This is labeled as "Part 1" because if more email correspondence exists between me and various pollsters, I will add them as further posts. Of course, if pollsters are afraid to respond, I will write about that, too. Sorry, Mr. Cooper... but this is my version of "Keeping Them Honest." :-)
There has been much written about the skewing or "oversampling" of democrat respondents in recent polls. I wrote about how I believe this is a form of psychological voter suppression being employed by the media: http://loudmouthelephant.blogspot.com/2012/09/voter-suppression-look-no-further-than.html. In short, the oversampling of democrats in polls allows the results to be skewed in favor of Obama, promoting a "Romney can't win this race" situation in an effort to get republican voters to stay home since their efforts would be futile. CNN wrote a "debunk" piece of my theory here: http://politicalticker.blogs.cnn.com/2012/09/28/analysis-polling-criticism-unfounded/. And yes, I have been skeptical of these polls before usual the conservative pundits got on board.
The interesting thing about CNN's article: they didn't actually debunk the theory. They simply said, "well, there is no " conspiracy" (though I would never call this a conspiracy - more like an effort); look at the results of these polls," and they simply cited MORE skewed polls! Ugh. If they would have given some examples of how the polling sample best reflects the electorate or recent party affiliation trends, their case would have held more water. They didn't, and in fact, they then released another ridiculously over-sampled pro-democrat poll: http://i2.cdn.turner.com/cnn/2012/images/10/01/rel11a.pdf (37% D - 29% R). There is no information anywhere that shows this is how the country's party affiliation is spread. Shame on CNN for skewing another poll. Shame on CNN and their attempt at debunking my theory :-) Using the very thing being questioned as the rebuttal of the question is purely circular logic, and it's quite silly. I digress...

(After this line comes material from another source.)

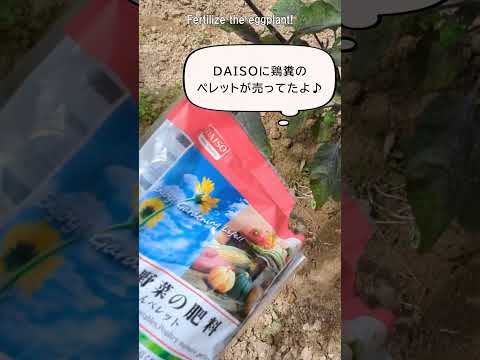 化学薬品を使わずに植物の成長を促進する、オレンジの皮から作られた天然肥料の 2 つのアイデア  庭園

Moving on, I have kept an updated database of every poll I can analyze: http://loudmouthelephant.blogspot.com/2012/09/lme-presidential-poll-tracker-database.html
Today, while doing my latest round of poll deboggling, I came across this poll: http://weaskamerica.com/2012/10/02/horse-races/
It shows that though Mitt Romney is leading 50.7% to 35.3% among independents, somehow Obama has a 10.5 point lead in Nevada?! What?! I had to question these results, so I emailed the polling company We Ask America. The following email chain is the whole reason I am writing this post (personal information has been removed). Keep in mind, as you will see by my tone, I'm cordial and respectful. This was not a "gotcha" attack; I just wanted to understand the numbers:
My name is Michael XXXXXXX. I'm the chief contributor for the blog The Elephant in the Room (www.loudmouthelephant.com). I'm writing to learn of the sample you used for your Nevada poll this morning. The poll's results claim a 10.5 percentage point lead for Obama (52.5% - 42%). Though you did not release the information, my estimates for the voter demographic breakdown show the poll sampled approximately: 42% D - 28% R 30% I. Is this true? Could you please email me the voting demographic breakdown? I can be reached at firstname.lastname@example.org Thank you.
The First Response:
Our breakdown of Party ID in this poll was actually: 38% D - 37% R - 26% Ind. (rounding errors result in 99%). The real difference in Nevada is the relatively high number of Republican who are supporting Barack Obama. That group is heavily concentrated in women from 45-64, a key voting demographic and move numbers despite Romney having a sizable lead among Independents. As we've written before, we find those self-assigned party affiliation numbers to be a bit unreliable and use 60+ other criteria in our weighting.
We Ask America™ Polls
Naturally, I wrote back:
Thank you for getting back to me. I truly appreciate it.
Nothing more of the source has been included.